In the case of Texstyrene Corp., a Phoenix, Ariz., manufacturer of styrofoam products, partnerships owned by Drexel employees purchased $12 million of an initial $50 million offering in February 1986, according to the subcommittee.
Public customers were allowed to buy only some of the bonds they wanted, and within 17 days Drexel employees made more than $900,000 profits by selling the bonds back to Drexel, subcommittee documents indicate.
In another case, the subcommittee said, Drexel employees purchased $235 million of a $2.5 billion issue in the April 1986 leveraged buyout of Beatrice Cos., a diversified food and consumer products company.
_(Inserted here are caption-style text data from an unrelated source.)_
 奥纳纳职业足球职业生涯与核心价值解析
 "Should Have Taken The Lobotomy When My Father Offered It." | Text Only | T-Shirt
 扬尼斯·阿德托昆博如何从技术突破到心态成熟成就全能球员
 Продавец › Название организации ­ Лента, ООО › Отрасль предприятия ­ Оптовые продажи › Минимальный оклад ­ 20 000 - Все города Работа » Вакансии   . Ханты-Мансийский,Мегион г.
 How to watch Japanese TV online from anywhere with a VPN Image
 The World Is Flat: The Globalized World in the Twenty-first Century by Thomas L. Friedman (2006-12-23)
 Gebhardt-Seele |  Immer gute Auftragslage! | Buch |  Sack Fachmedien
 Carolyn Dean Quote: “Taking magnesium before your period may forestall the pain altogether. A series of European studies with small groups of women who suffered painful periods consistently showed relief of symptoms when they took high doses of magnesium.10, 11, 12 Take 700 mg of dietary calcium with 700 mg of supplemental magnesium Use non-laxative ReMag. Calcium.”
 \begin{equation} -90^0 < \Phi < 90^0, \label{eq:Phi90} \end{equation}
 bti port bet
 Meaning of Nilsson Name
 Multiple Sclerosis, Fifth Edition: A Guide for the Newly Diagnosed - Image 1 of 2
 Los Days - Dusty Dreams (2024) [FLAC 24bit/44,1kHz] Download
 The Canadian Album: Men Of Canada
Again, other customers were denied the chance to purchase as many bonds as they had initially ordered. And less than three months later, the employees made a $2.8 million profit by selling $61.4 million of the bonds, the subcommittee said.
"Any way you slice it, the people on the outside aren't getting the same deal as the people on the inside," said Rep. Ron Wyden, D-Ore.
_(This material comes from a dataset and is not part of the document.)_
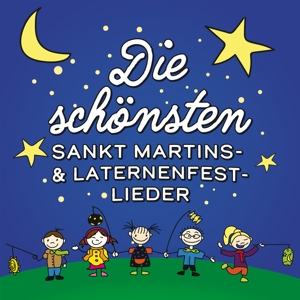 Various Artists - Die schönsten Sankt Martins- & Laternenfest-Lieder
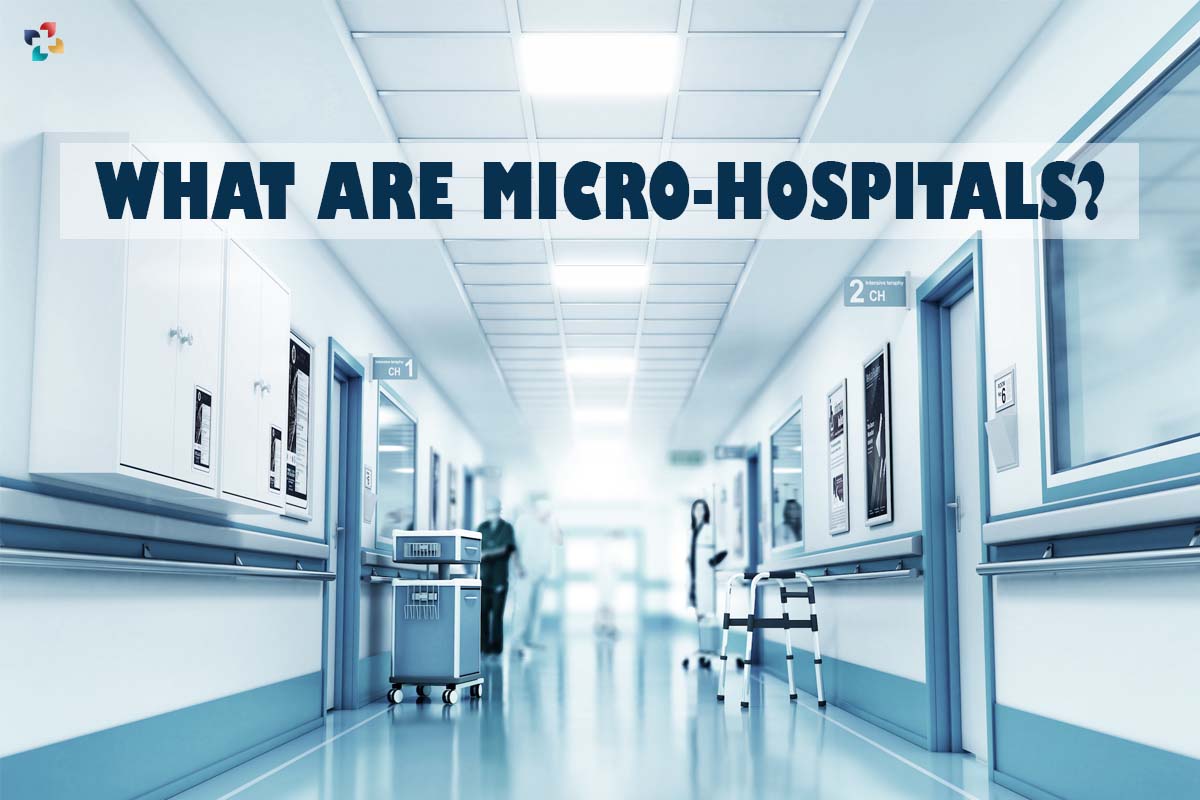 What are Micro-Hospitals? 7 Best Questions | The Lifesciences Magazine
Rep. Dennis E. Eckart, D-Ohio, said Drexel, in effect, "elbowed aside" its own customers and "cut to the head of the line." He said a telephone survey of five top competitors of Drexel, whom he declined to identify, showed that none would permit similar practices.
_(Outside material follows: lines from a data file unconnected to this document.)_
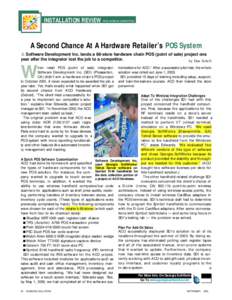 INSTALLATION REVIEW  POS MOBILE COMPUTING A Second Chance At A Hardware Retailer’s POS System ▲ Software Development Inc. lands a 68-store hardware chain POS (point of sale) project one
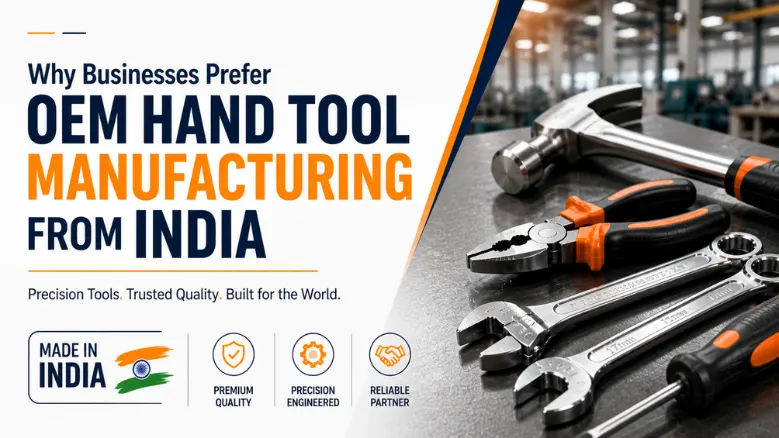 oem hand tool manufacturing india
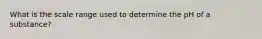 What is the scale range used to determine the pH of a substance?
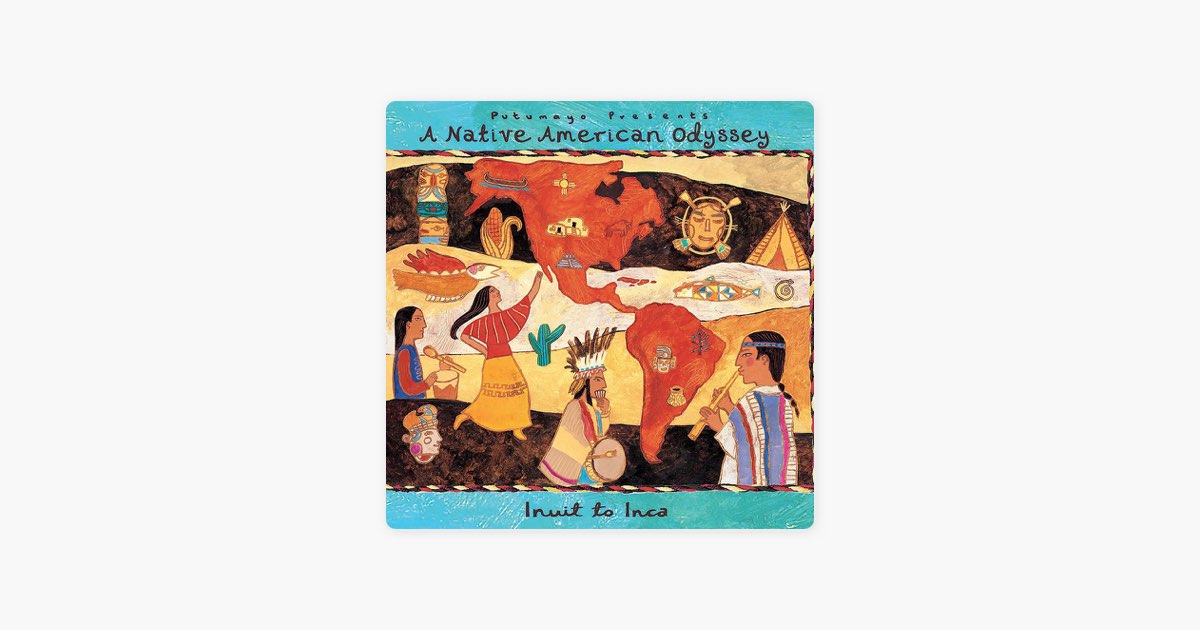 ‎A Native American Odyssey - Inuit to Inca (Official Putumayo Playlist ...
Joseph said it is quite common that investors will want to buy more bonds than are available and said Drexel used the same criteria for deciding how many bonds employees could purchase as it did for its other customers.
He said purchases by Drexel employees are closely monitored for propriety by the firm's compliance department.
However, Rep. Norman Lent of New York, ranking Republican on the committee, said the purchases for "insider accounts" appear to violate the regulations of the Securities and Exchange Commission and the National Association of Securities Dealers.
Joseph argued that the rules applied only to sales of stock because bond prices are not subject to manipulation in the same way prices of new stock issues are.
Lent said high-quality, investment-grade bonds are exempt from the rules, but not the risky bonds of the type Drexel issued.